Here are the four things you should be doing now to sell your business in a year.
1. Build a Team
When it’s time to sell your business, it can be tempting to go it alone. But it’s been proven that a team of trusted advisors with transaction experience helps business owners secure higher acquisition premiums when they sell. Before going to market, engage an investment banker or M&A advisor to guide you and your company through the process.
Advisors also suggest strategic and management changes to companies preparing for sale to increase their value. These small changes spruce up a business prior to sale in a predetermined time frame, usually between six months and a year. Because of this, getting an advisor on your side should be the very first step you take when setting the selling process into motion.
2. Fine-tune Financials
The single most important factor to a buyer is the health of a potential purchase’s financials (though cybersecurity is rapidly becoming a close second). A company’s financial statements should always be accurate and well-documented. Gather financials from the past three to five years to review with an accountant.
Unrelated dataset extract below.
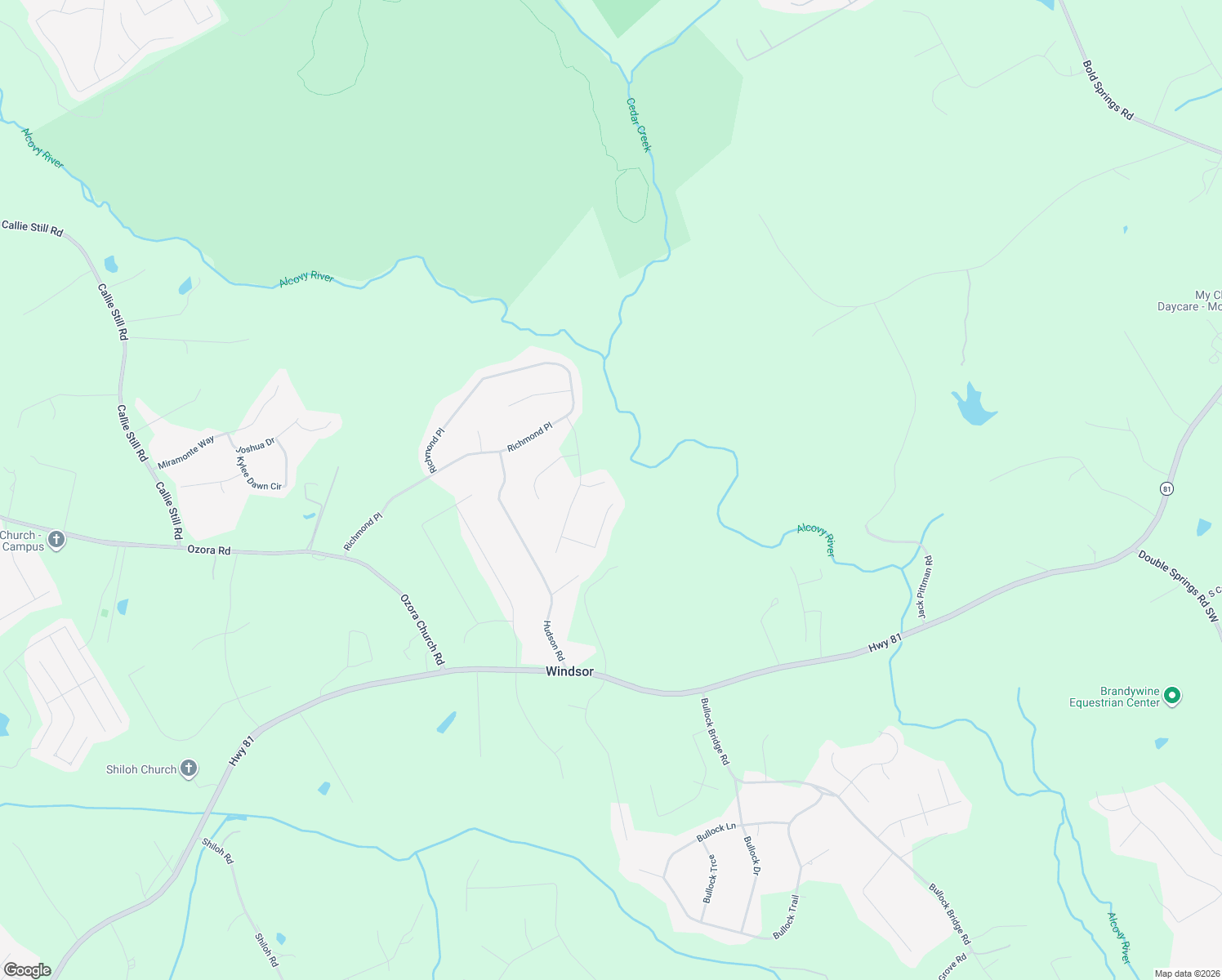 map of restaurants, bars, coffee shops, grocery stores, and more near 1413 Richmond Oak Court in Loganville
At the very least, financial reports must be free of inconsistencies and speak to the health of the company, but seasoned buyers are also looking for signs that you monitor financial performance and then make adjustments that can improve profits. If your financials tell the story of a lifestyle business focused on personal compensation and not true growth, you might have a problem.
3. Figure Out Your Value
Before you make any broad changes to increase your company’s valuation, you need a benchmark to work from so you can make accurate predictions about value add. Get knowledgeable about the valuation models buyers use in your industry or category, and learn about valuations of comparable companies in your industry.
4. Think About Your Team
It can be difficult to stop rumblings about a sale once the ball gets rolling. At this early point in the process it’s important to consider how this affects your employees and how you eventually plan on informing them. While’s it’s not necessary to have a clear plan in place this far in advance, start thinking about what information you’ll share, as well as when and how. Over- and under-informing employees can incite panic, so think carefully.
Pre-sale prep can seem daunting and even a little frightening, but the more work you put in before you start the sale process in earnest, the more time you save later.